*** Begin section ***
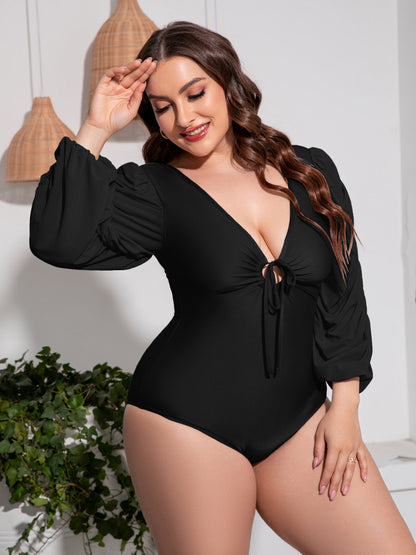 Plus Size Tied Deep V Balloon Sleeve One-Piece Swimsuit (2 Colors)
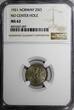 Norway Haakon VII 1921 25 Ore NGC MS62 3 YEARS TYPE TOP GRADED BY NGC KM# 381(7)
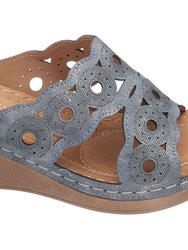 April Pewter Wedge Sandals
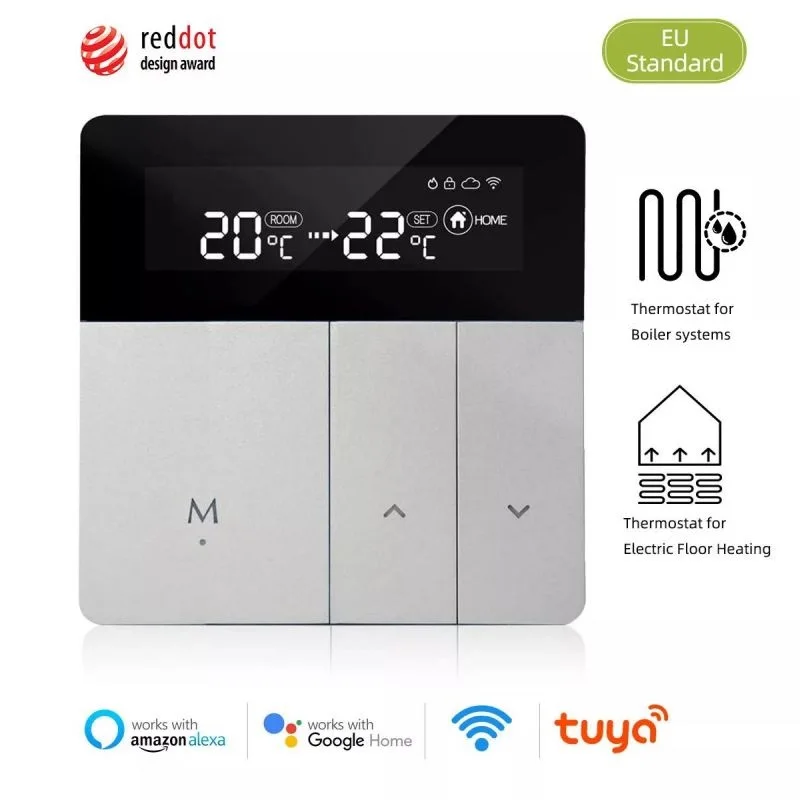 

EU Standard Silver Temperature Controller For Tuya APP Gas Boiler Electric Water Heating Smart WiFi Thermostat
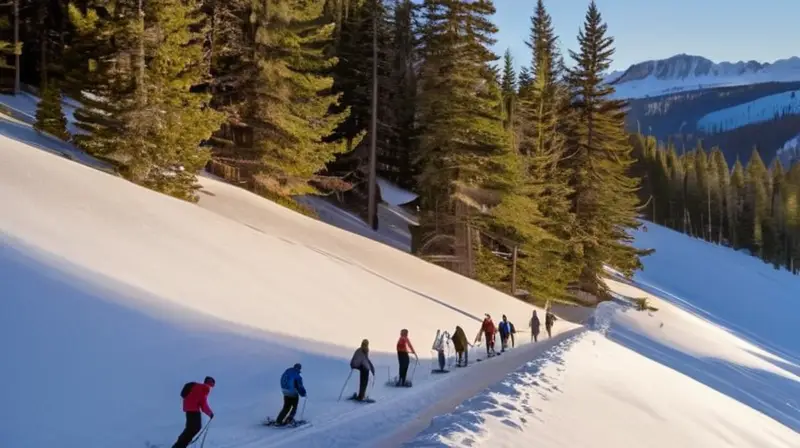 Un paisaje invernal idílico con nieve, montañas, familias disfrutando y un ambiente acogedor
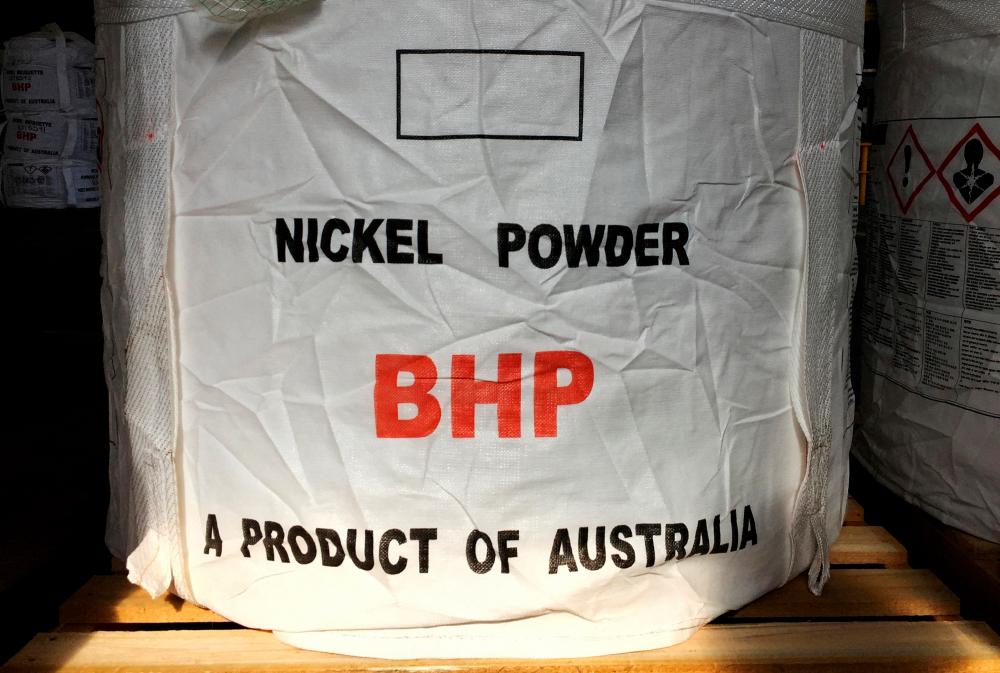 Nickel powder made by BHP Group sits in a warehouse at its Nickel West division, south of Perth, Australia. OZ Minerals is a strategically sensible target as it would add to BHP’s Western Australian nickel business, analysts say. – Reuterspix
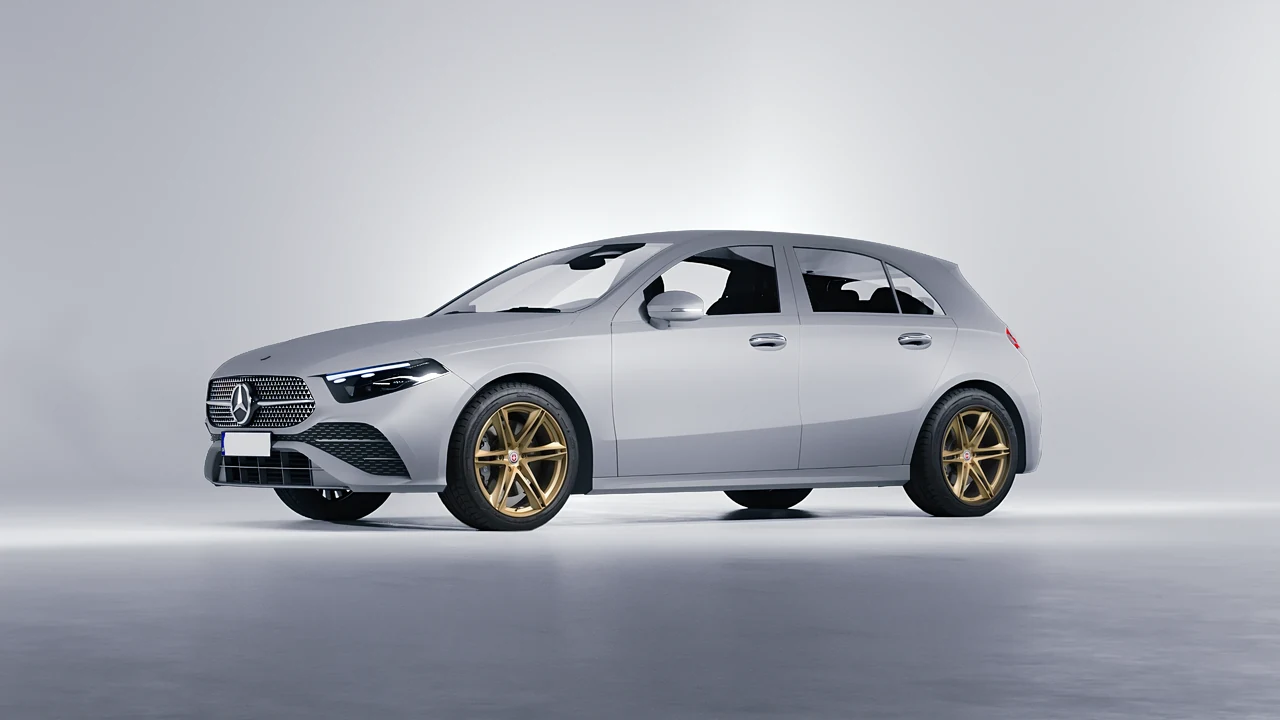 Mercedes-Benz A-Class AMG 2023 on HRE Performance Wheels S267H forged wheels, front three-quarter view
*** End section ***
> **WHAT IS REQUIRED**: Every line from the one containing "EU Standard Silver" through the end of the entries above is to be copied exactly; pictures are to be left out.

> **SOLUTION TO THIS EXERCISE**:
EU Standard Silver Temperature Controller For Tuya APP Gas Boiler Electric Water Heating Smart WiFi Thermostat
 Un paisaje invernal idílico con nieve, montañas, familias disfrutando y un ambiente acogedor
 Nickel powder made by BHP Group sits in a warehouse at its Nickel West division, south of Perth, Australia. OZ Minerals is a strategically sensible target as it would add to BHP’s Western Australian nickel business, analysts say. – Reuterspix
 Mercedes-Benz A-Class AMG 2023 on HRE Performance Wheels S267H forged wheels, front three-quarter view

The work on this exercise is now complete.